For general reactivation, trigger on Last Visit Date being updated, which fires at check-in. For treatment-specific rebooking, trigger on Last Visit Service being updated, which fires at invoice close and ensures the service is populated.
Why does my reactivation workflow need a booking check right before each message?
Patients often book partway through a sequence. Evaluating the booked-guard immediately before each send, plus a booking exit goal on the workflow, prevents anyone who just booked from receiving a win-back message.
How do I make sure I'm not messaging patients who opted out?
The integration syncs Zenoti marketing opt-in status into your DND settings automatically, so opted-out patients are suppressed. Respect DND on every send, and filter smart lists on the Zenoti Receive Marketing SMS and Email fields as an extra layer.
Can I build reactivation by provider or by location?
Yes. Add Zenoti Guest Center Name for location-specific lists and Zenoti Provider for provider-specific lists. Both are especially useful for multi-location practices.
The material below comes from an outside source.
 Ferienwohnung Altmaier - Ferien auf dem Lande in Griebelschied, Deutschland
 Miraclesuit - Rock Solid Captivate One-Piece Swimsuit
Why does a lapsed patient still look like they had a facial when they're really a tox patient?
Last Visit Service reflects only the most recent closed invoice. A patient's full service history is not stored in the synced fields. If you need to segment on complete treatment history, see the data warehouse section.
Some of my long-time patients aren't showing up in reactivation lists. Why?
The integration is forward-only: it starts capturing data at go-live, so patients who have not had an event since then have no Last Visit Date yet. To reach patients whose last visit predates your integration, use a data warehouse activation to bring in historical appointment data.
My Patient Lifetime Value looks too high for some patients. Can I still use it for VIP lists?
You can, but treat the threshold as approximate. Zenoti allows invoices to be closed more than once, which can occasionally double-count toward PLV. For precise revenue-based targeting, a data warehouse gives you deduplicated numbers.
How do I confirm the integration actually received a patient's appointment?
Check the contact's Notes. Every event the integration receives is logged there with status, service, date, and location. If it is not in the notes, the event was not received.